John Skibinski

No. 30
- Position: Running back

Personal information
- Born: April 27, 1955 (age 70) Chicago, Illinois, U.S.
- Listed height: 6 ft 0 in (1.83 m)
- Listed weight: 222 lb (101 kg)

Career information
- High school: LaSalle-Peru (IL)
- College: Purdue
- NFL draft: 1978: 6th round, 139th overall pick

Career history
- Chicago Bears (1978–1981); Birmingham Stallions (1983); Jacksonville Bulls (1984);

Awards and highlights
- Second-team All-Big Ten (1977); East-West Shrine Game (1977); Hula Bowl (1978); Japan Bowl (1978);

Career NFL statistics
- Rushing yards: 64
- Rushing average: 4.0
- Receptions: 6
- Receiving yards: 22
- Stats at Pro Football Reference

= John Skibinski =

American football player (born 1955)

John Skibinski (born April 27, 1955) is a former running back who played in the National Football League (NFL).

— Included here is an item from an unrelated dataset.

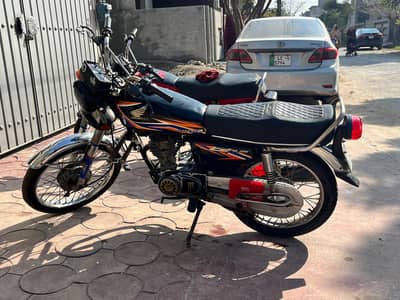 Honda CG 125 2018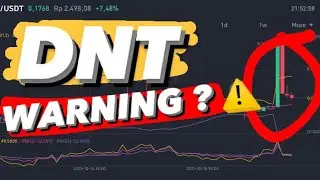 DNT PRICE PREDICTION | DNT PRICE PREDICTION | DISTRICT OX DNT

He was drafted in the sixth round of the 1978 NFL draft by the Chicago Bears. His NFL career was spent with the Chicago Bears. and ran from 1978 to 1981. He spent the 1982 season out of professional football before returning to the game via the USFL; he played in the 1983 & 1984 seasons as a member of the Birmingham Stallions and Jacksonville Bulls, respectively.

He carried the ball sparingly during the 1975 season, as Mike Pruitt was the main threat for the Boilermakers but Hall of Fame coach Alex Agase saw his potential. In 1976, he was part of a power backfield with Scott Dierking. As the 1977 season approached, Agase had been replaced by Jim Young, Dierking had graduated and moved on to the NFL and the highly touted Freshman Mark Herrmann was taking over at QB. Skibinski was voted team captain for the 1977 season and led the Boilermakers in rushing yardage (665 yards) and total offense (886 yards) and a record of 5-6 in Jim Young's inaugural season at Purdue. He was voted 2nd Team All-Conference following the 1977 season. He currently ranks #20 Career Rushing Attempts (339 carries); #18 Career Rushing Yards (1,605 yards) and #16 Career Rushing Average (4.7 yards/carry).

While at Purdue appeared in the 1977 East-West Shrine Game, the 1978 Hula Bowl and the 1978 Japan Bowl.

He is the son of Joe Skibinski, a former Cleveland Brown and Green Bay Packer. His father was also his high school coach at LaSalle-Peru Township High School in Illinois.